Building ML Products that work

A system that has worked well for me for large, ambiguous ML project undertakings.

  ·   4 min read

Some of the best work I have seen come out of the teams I have lead involved some spark of curiosity: a hypothesis about how to make things better for users. Over many such projects, I have found that a systematic approach is invaluable for turning such ideas into reality. The system is there not to impede or create friction but to provide a framework for exploration. This is especially critical for Machine Learning Engineers because while we are given a million parameters to play with to refine our objective functions, the path to success is filled with ambiguity and dead ends. A systematic approach to such work prevents burn out and keeps the creativity engine fueled.

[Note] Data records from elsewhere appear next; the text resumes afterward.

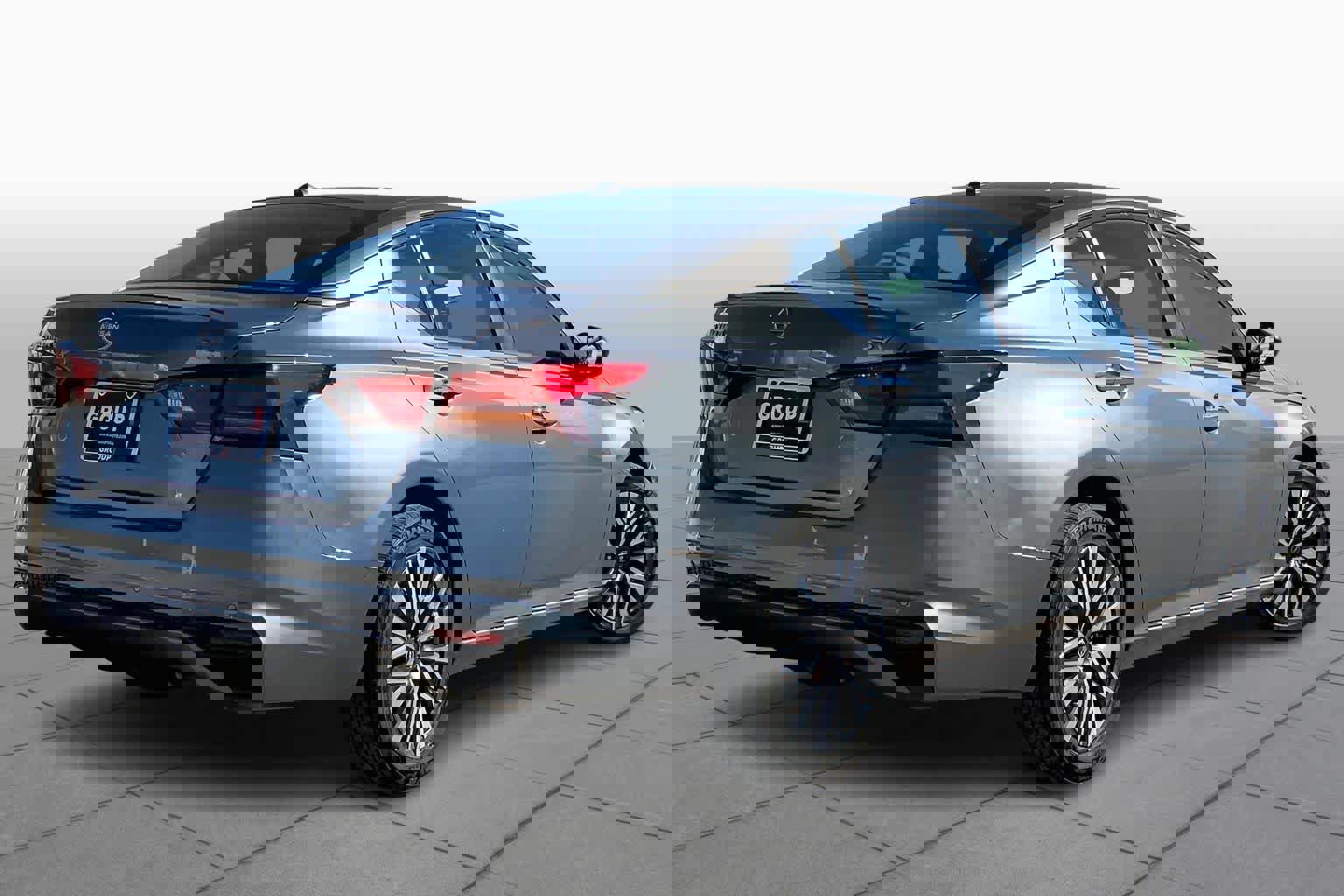 Used 2024 Nissan Altima 2.5 SV image 4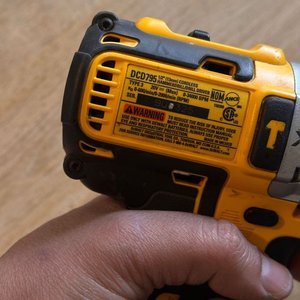 Atornilladora Dewalt DCD 795 20V MAX XR con Percutor - imagen 2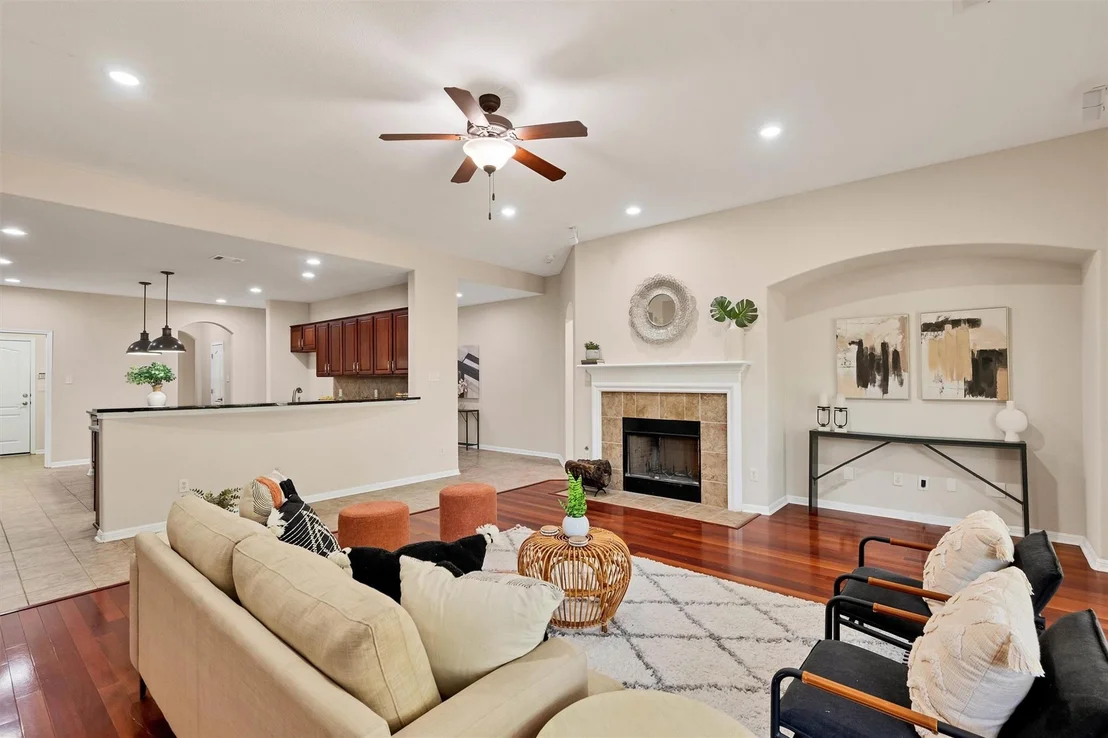Photo of 4100 Deer Tract ST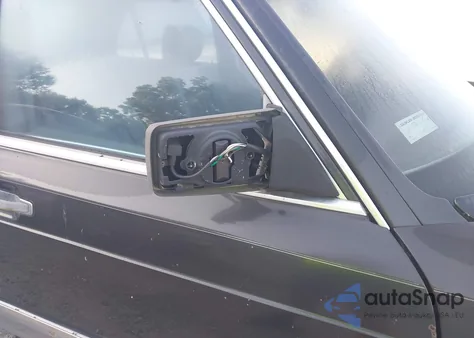 1985 Mercedes-Benz 380 Se z USA, uszkodzony, nr VIN WDBCA32C0FA190208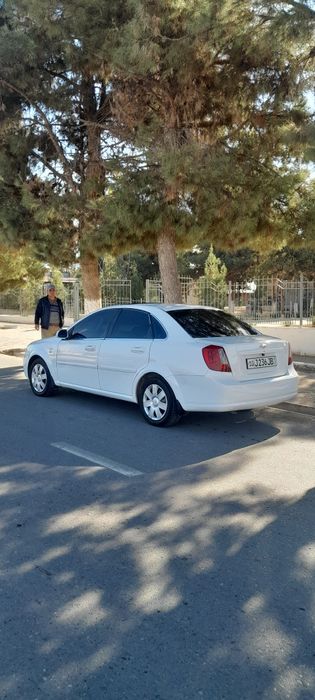 Ласетти 1.8 наварот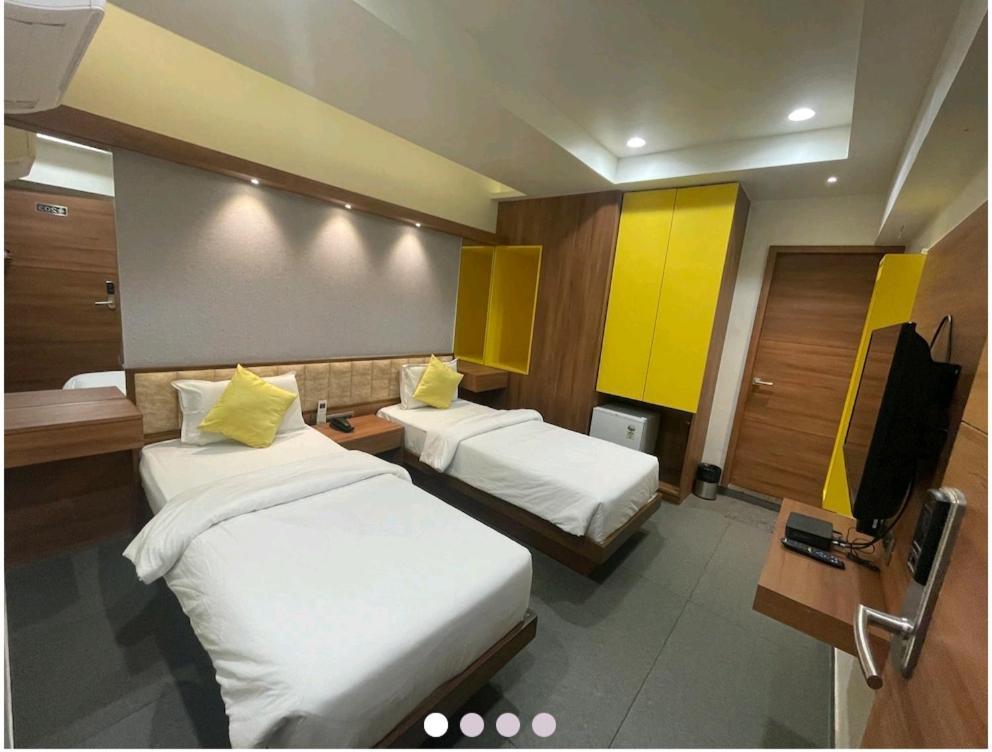 Hotel Avaante Ahmedabad Formerly Known As The Orchid Hotel Екстер'єр фото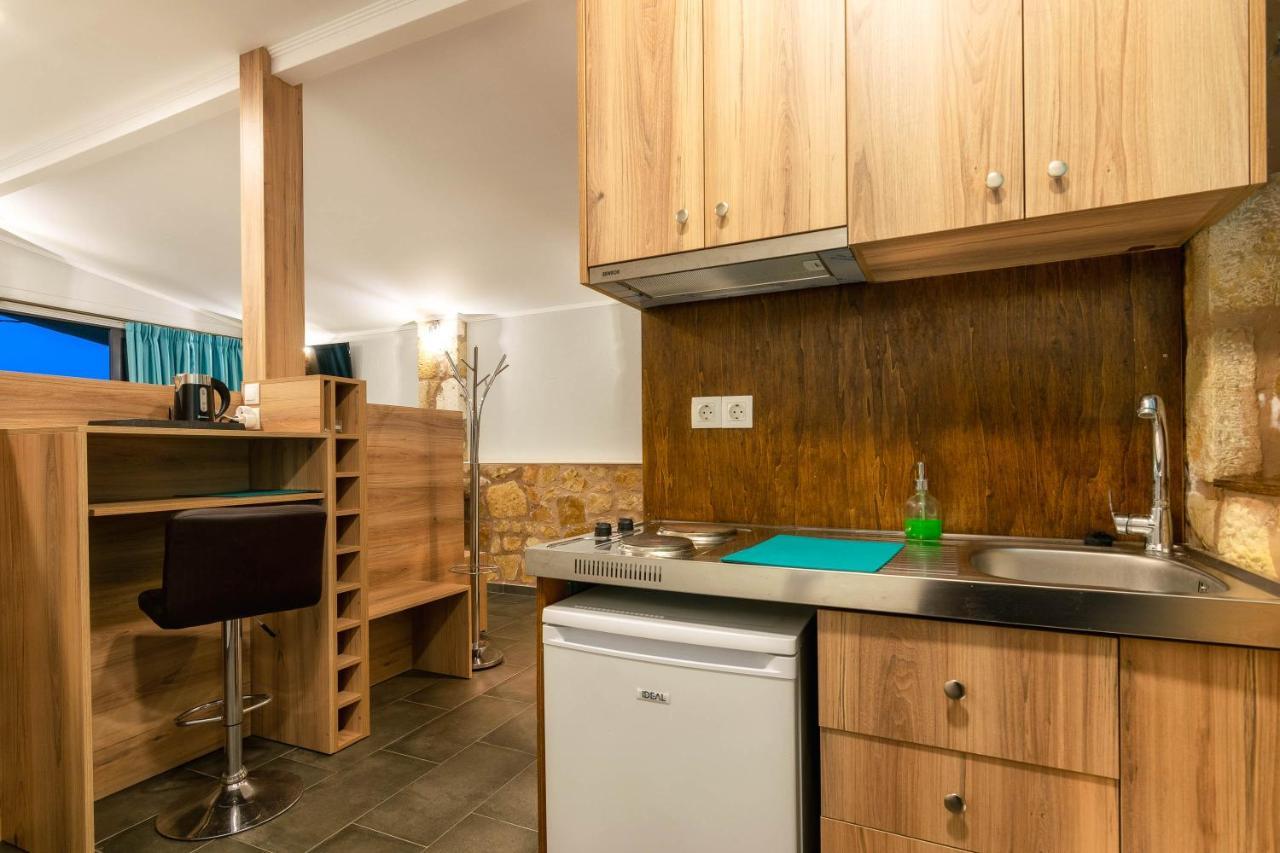 Georgia Apartment *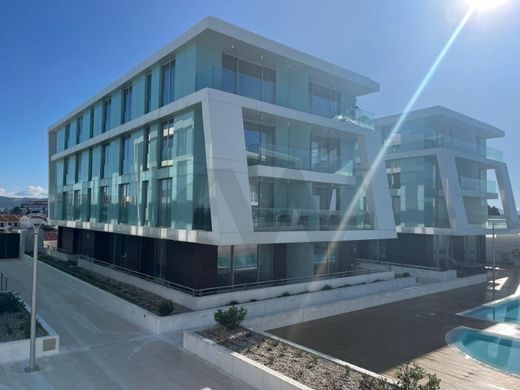 Daire Alcobaça, Distrito de Leiria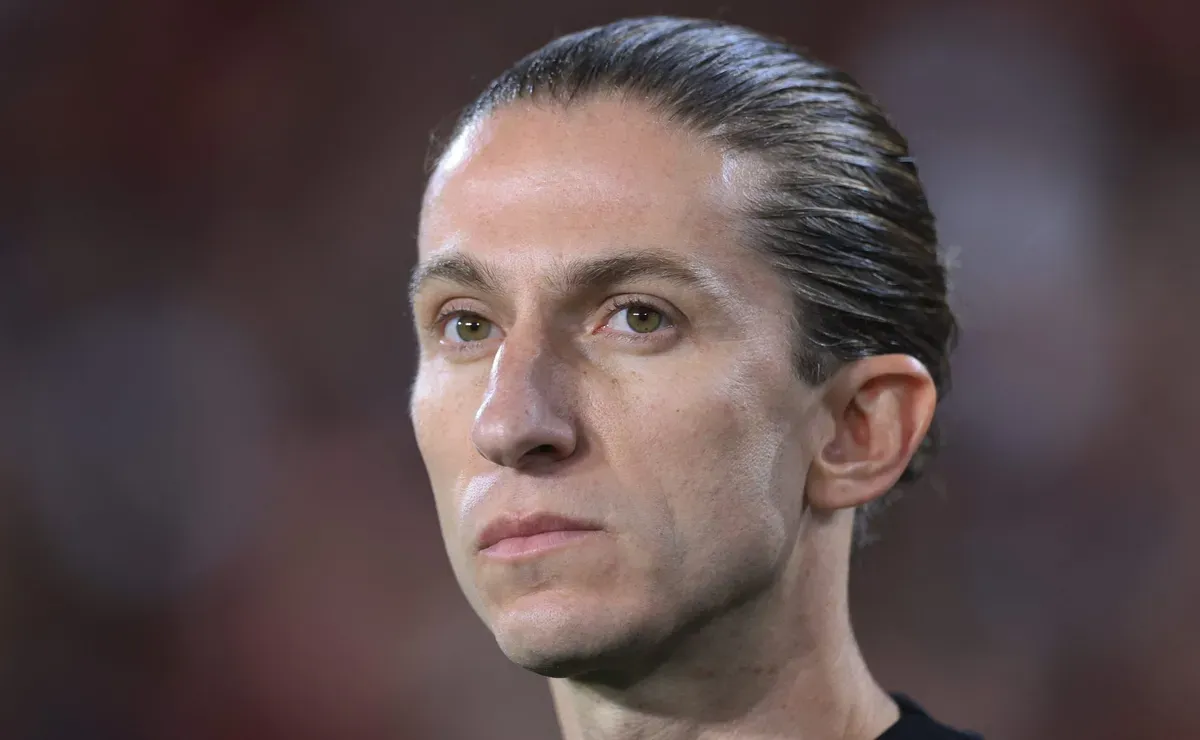 🚨 Adeus | Filipe Luís chamou na 'salinha' e tem gente dizendo adeus pelo telefone no Flamengo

Hypothesis-Driven Model Development #

The cornerstone of successful ML projects is a hypothesis-driven approach. Each project begins with a question: “If we improve certain parts of the ML system, can we solve a consumer problem and impact key metrics?” To answer this, we follow a sequence of well-defined steps:

  1. Hypothesis Generation

    • Identify the problem: Frame the specific user issue or business challenge as a consumer problem.
    • Link the problem to metrics: Define measurable offline, input, and output metrics.
    • Develop a chain of hypotheses: Establish a logical flow of cause and effect, where each hypothesis can be validated incrementally.
  2. Feasibility Study

    • Conduct exploratory data analysis (EDA): Assess data availability, quality, and relevance.
    • Review existing solutions: Learn from industry practices and academic literature.
    • Investigate systems: Understand infrastructure limitations and opportunities for integration.
    • Scope the project: Draft a detailed roadmap with milestones.
  3. Implementation

    • Build offline models: Develop pipelines, train models, and enhance retrieval/ranking systems.
    • Iterate on system-level components: Integrate metadata ingestion, retrieval, ranking, and reranking pipelines.
  4. Evaluation

    • Offline metrics: Validate using metrics like Precision, Recall, and NDCG.
    • Online metrics: Use A/B tests to measure impact on key business outcomes like customer spend and order rates.
  5. Productionization

    • Deploy models: Integrate solutions into production systems, ensuring robustness and scalability.
    • Monitor results: Analyze real-time performance and identify areas for further improvement.

The Power of Hypotheses #

A hypothesis is more than an educated guess; it’s a roadmap for experimentation. By breaking down a big idea into smaller, testable hypotheses, you ensure that every step is rooted in data and aligned with business goals.

Example: Improving Subtotals with Personalized Recommendations #

Good Hypotheses Chain:

  • Hypothesis: Showing higher-priced items in categories users prefer will nudge them toward higher subtotals.
  • Implementation: Enhance the ranking system with features like price sensitivity and historical purchase weights.
  • Evaluation: Measure the average price of top recommendations and ensure user engagement remains stable.

Bad Hypotheses Chain:

  • Hypothesis: Boosting higher-priced items will increase subtotals.
  • Implementation: Apply a blanket rule to prioritize expensive items.
  • Evaluation: Skip intermediate validation, assuming the solution will work.

The first approach validates assumptions incrementally, reducing risks and ensuring outcomes align with user needs.

Key Phases in the ML Development Life Cycle #

Hypothesis Generation #

Start by observing user behaviors, analyzing product metrics, and identifying opportunities. Frame your problem as a series of questions linked to measurable outcomes.

Feasibility Study #

Explore the data and system infrastructure to determine the viability of your solution. For instance, if your hypothesis involves user purchase behavior, ensure you have the necessary data on spending patterns and item categories.

Implementation #

Develop both system-level and model-level components:

  • System-Level Components: Enhance ingestion pipelines, retrieval algorithms, ranking models, and reranking systems.
  • Model-Level Components: Focus on training data, feature engineering, labels, objectives, and architecture.

Evaluation #

Evaluate your solution rigorously:

  • Offline Metrics: Validate model quality with historical data.
  • Online Metrics: Use A/B tests to assess real-world impact.

Productionization #

Deploy your solution, monitor its performance, and iterate based on user feedback and live metrics.

Lessons Learned #

  1. Collaboration is Key: ML projects thrive on cross-functional collaboration. Bring together product managers, engineers, analysts, and stakeholders early and often.
  2. Data Drives Decisions: Let data guide your hypotheses, implementation, and evaluation.
  3. Iterate Relentlessly: Hypotheses often evolve. Be ready to pivot based on findings.

Conclusion #

Personalization is both an art and a science. By following a hypothesis-driven framework, you can tackle complex problems methodically, align your team’s efforts, and deliver measurable impact. Whether you’re optimizing recommendations, improving engagement, or driving revenue, this approach will help you navigate the challenges of ML development with confidence.